Cidadãos de fora da UE poderão ter os mesmos direitos de imigração depois do Brexit, como disse a primeira-ministra britânica, Theresa May.
Durante a campanha do referendo de 2016, alguns defensores do Brexit procuraram atrair eleitores da diáspora sul-asiática no Reino Unido com promessas de que a saída da UE – permitindo que Londres restrinja os direitos dos cidadãos da UE de viajarem para o Reino Unido – poderia possibilitar que o governo facilite as regras para os cidadãos de países não europeus. Mas isso é algo incerto.
Empresas
Investidores de fora da UE também podem estar olhando para algumas dessas empresas à beira da falência, esperando uma oportunidade para fazer negócios. No entanto, uma libra mais fraca também elevaria os preços das ações de muitas das maiores empresas britânicas que fazem negócios em todo o mundo, como a British American Tobacco e a GSK.
As empresas do índice FTSE 100, da bolsa de valores de Londres, ganham 70% de sua receita no exterior.

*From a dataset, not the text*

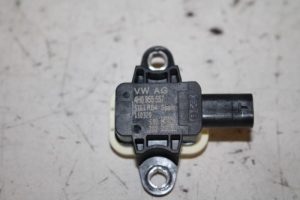 17816053 – 4H0955557 – Airbag Sensor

E um dólar forte não é algo bom para os mercados de ações dos EUA, porque torna as ações americanas mais caras para investidores estrangeiros.

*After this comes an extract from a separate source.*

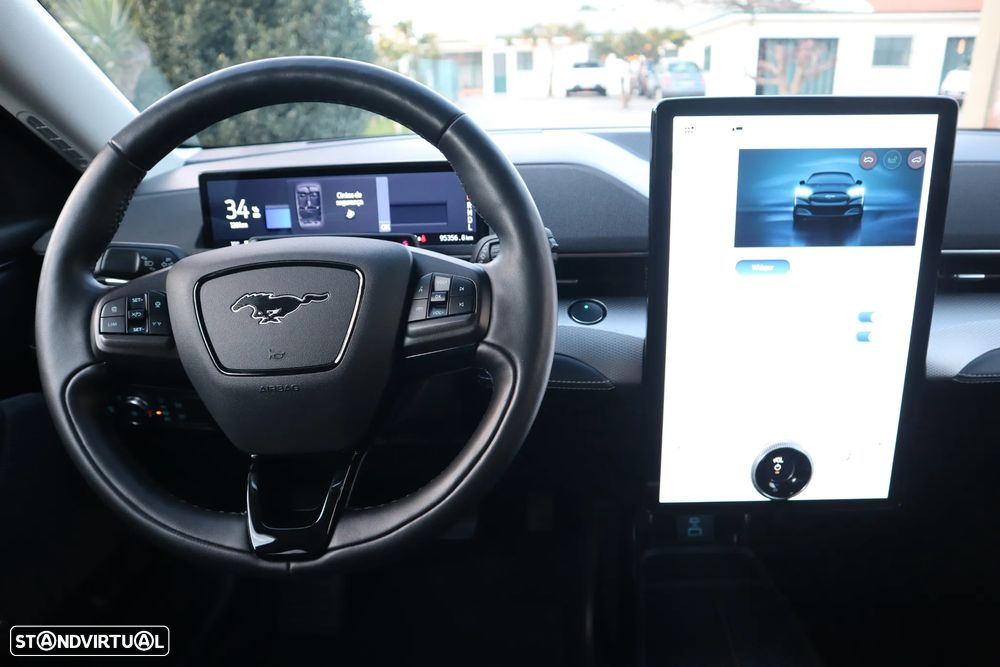 Ford Mustang Mach-E Standard - 31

Outra preocupação é que o impacto de um Brexit sem acordo nos mercados financeiros globais possa atingir os bancos americanos que estão em "risco sistêmico", segundo o órgão americano Conselho de Supervisão de Estabilidade Financeira (FOSC).
Empresas de finanças dos EUA com operações substanciais em Londres não teriam os chamados "passporting rights", os direitos para atuar nos outros países da UE, e precisariam ser autorizadas separadamente "pelos países membros da UE, aumentando as preocupações quanto à continuidade contratuais para um valor substancial e volume de contratos financeiros", escreveu o FOSC.
Os bancos e instituições financeiras dos EUA são responsáveis por entre 40% e 60% da atividade nos mercados globais de derivativos e usam Londres como uma plataforma para atender clientes na UE.
Investidores e trabalhadores
O Reino Unido foi o quinto maior mercado de exportação dos Estados Unidos em 2018, e os EUA foram o principal parceiro comercial do Reino Unido em 2018. O Reino Unido é o maior investidor estrangeiro direto nos EUA, com cerca de 615 bilhões de dólares, enquanto os EUA detêm a mesma posição no Reino Unido, com cerca de 540 bilhões de dólares.
A maioria dos economistas prevê que a economia do Reino Unido vai desacelerar no curto prazo, pelo menos enquanto as empresas seguram seus gastos até que o governo do Reino Unido decida exatamente como vai se separar da UE. As empresas dos EUA empregam cerca de 1,4 milhão de cidadãos britânicos, e as empresas britânicas empregam mais de 1,1 milhão de americanos nos EUA. O Banco da Inglaterra estima que, no pior caso, o Brexit pode afetar a economia com um encolhimento de 5% em um ano.